* _EXERCISE OBJECTIVE_
One exact copy of the listing, minus the images, is the required answer.
──────── MATERIAL PROVIDED
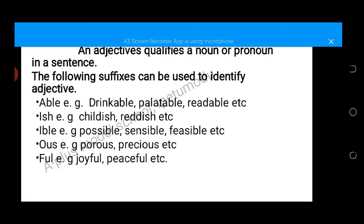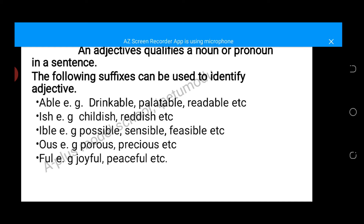The following suffixes can be used to identify adjectives. Any word that ends with -able, for example drinkable, palatable, readable. Words ending with -ish, for example childish, reddish. Words ending with -ible, for example possible, sensible, feasible. Words ending with -ous, for example porous, precious. And lastly, words ending with -ful, for example joyful, peaceful. These are all examples of adjectives.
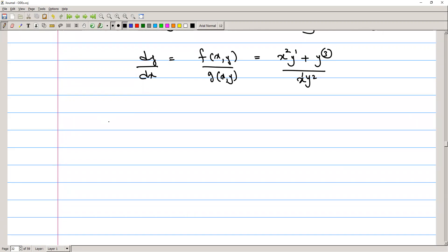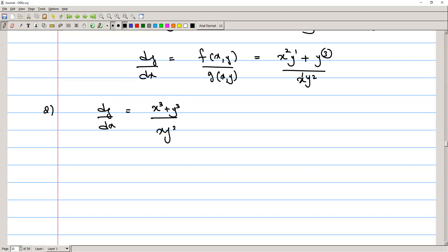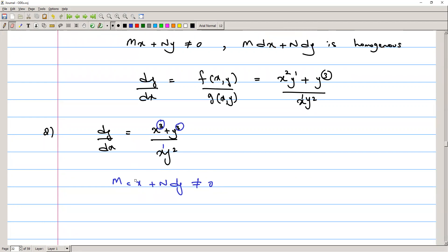Let's take an example. We are given dy/dx equals x cubed plus y cubed divided by xy squared. We can check whether this equation is homogeneous: the power is three everywhere — three, and one plus two equals three — so the equation is homogeneous. Now we need to check that mx plus ny should not equal zero. Note: it is mx plus ny, not m dx.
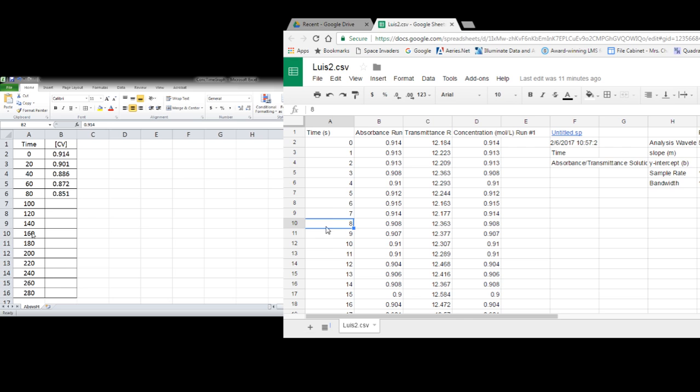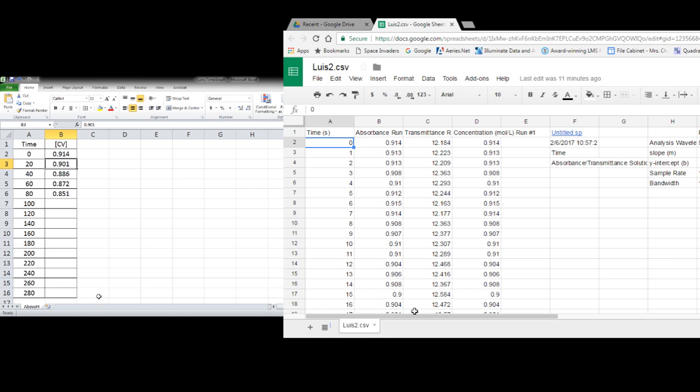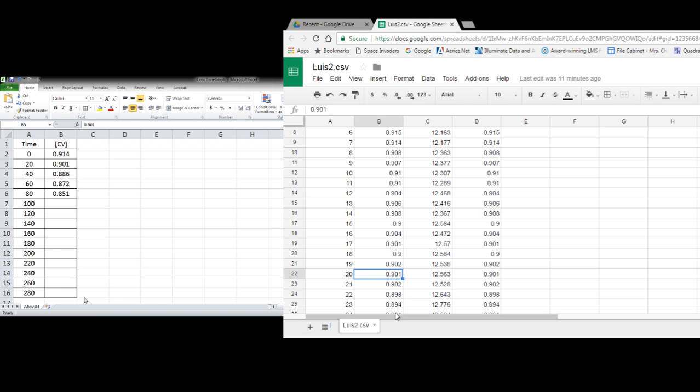So we're going to do every 20 seconds and we'll all do the same thing. You notice I've plugged in some data from every 20 seconds.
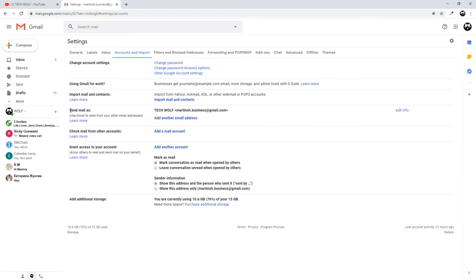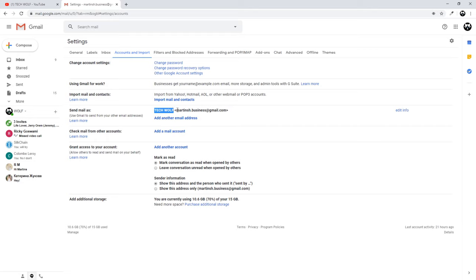Here you will see Send Email As. Currently I am sending emails or people who I am replying to, they are getting emails from me and my name is TechWolf and my email address.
────────────────
* _RESULT OF THIS EXERCISE_
The following suffixes can be used to identify adjectives. Any word that ends with -able, for example drinkable, palatable, readable. Words ending with -ish, for example childish, reddish. Words ending with -ible, for example possible, sensible, feasible. Words ending with -ous, for example porous, precious. And lastly, words ending with -ful, for example joyful, peaceful. These are all examples of adjectives.
Let's take an example. We are given dy/dx equals x cubed plus y cubed divided by xy squared. We can check whether this equation is homogeneous: the power is three everywhere — three, and one plus two equals three — so the equation is homogeneous. Now we need to check that mx plus ny should not equal zero. Note: it is mx plus ny, not m dx.
So we're going to do every 20 seconds and we'll all do the same thing. You notice I've plugged in some data from every 20 seconds.
Here you will see Send Email As. Currently I am sending emails or people who I am replying to, they are getting emails from me and my name is TechWolf and my email address.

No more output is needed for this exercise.